[TASK TO COMPLETE]: Copy the records below, from the line containing "Amazon QuickSight allows" through the last line; leave out pictures.

Start of STUDY MATERIAL

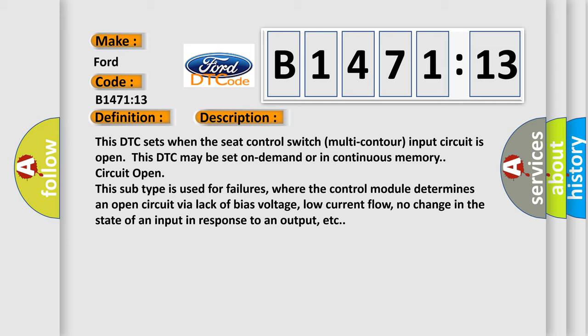This DTC sets when the seat control switch multi-contour input circuit is open. This DTC may be set on demand or in continuous memory circuit open. This subtype is used for failures, where the control module determines an open circuit via lack of bias voltage, low current flow, no change in the state of an input in response to an output, etc.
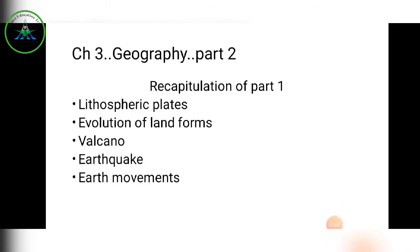Good morning students, welcome once again to Class 7 Geography Chapter 3 - Our Changing Earth, Part 2. Before going to Part 2, let's recap what we studied in Part 1: lithospheric plates, evolution of landforms, volcanoes, earthquakes, and earth movements — both endogenic and exogenic.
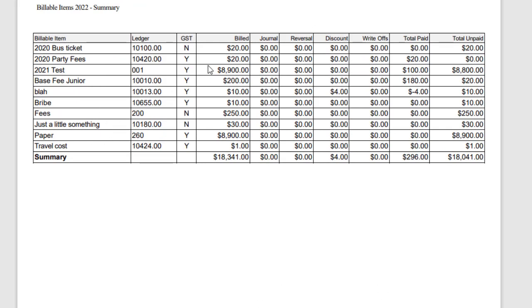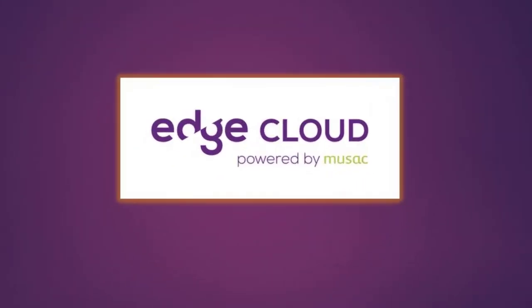It doesn't let you know who has been charged but it just shows you how much overall has been billed, how much was journaled, how much was reversed, discounted, written off or paid, and the total that's left unpaid overall.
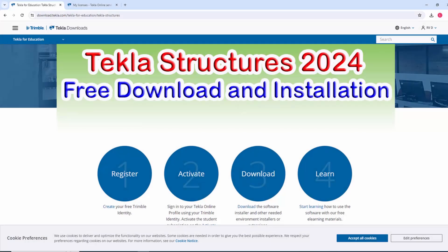Hi viewers, welcome to Ganesh YouTube channel. In this tutorial, I'm going to explain how to free download and install Tekla Structures 2024 student version. Okay, let's start.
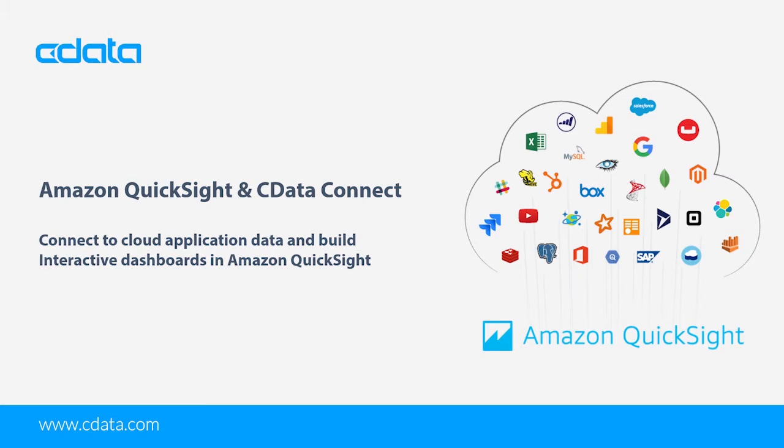Amazon QuickSight allows users to build interactive dashboards in the cloud. When paired with CData Connect Cloud, you get cloud-to-cloud access to data from cloud applications like Google Sheets for visualizations, dashboards, and more.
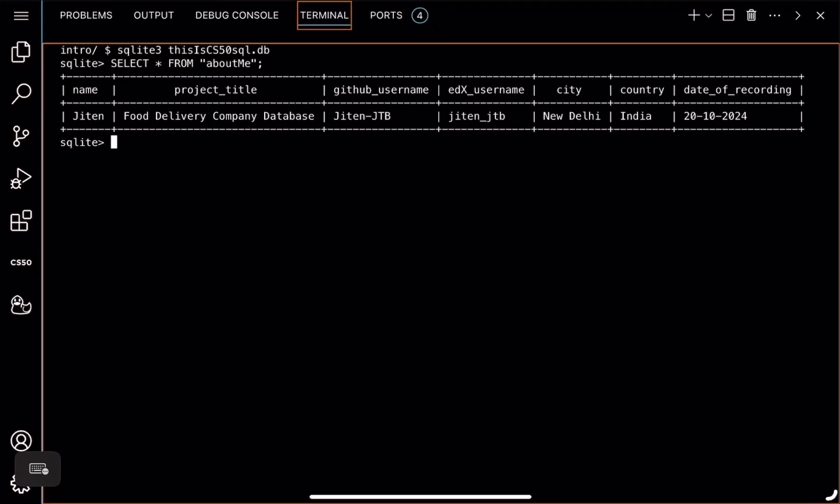Hey everyone, I'm Jitain from New Delhi, India, and today I'm here to present my final project for CS50's Introduction to Databases with SQL. So let's get started.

End of STUDY MATERIAL

[OUTPUT FOR THIS EXERCISE]:
Amazon QuickSight allows users to build interactive dashboards in the cloud. When paired with CData Connect Cloud, you get cloud-to-cloud access to data from cloud applications like Google Sheets for visualizations, dashboards, and more.
Hey everyone, I'm Jitain from New Delhi, India, and today I'm here to present my final project for CS50's Introduction to Databases with SQL. So let's get started.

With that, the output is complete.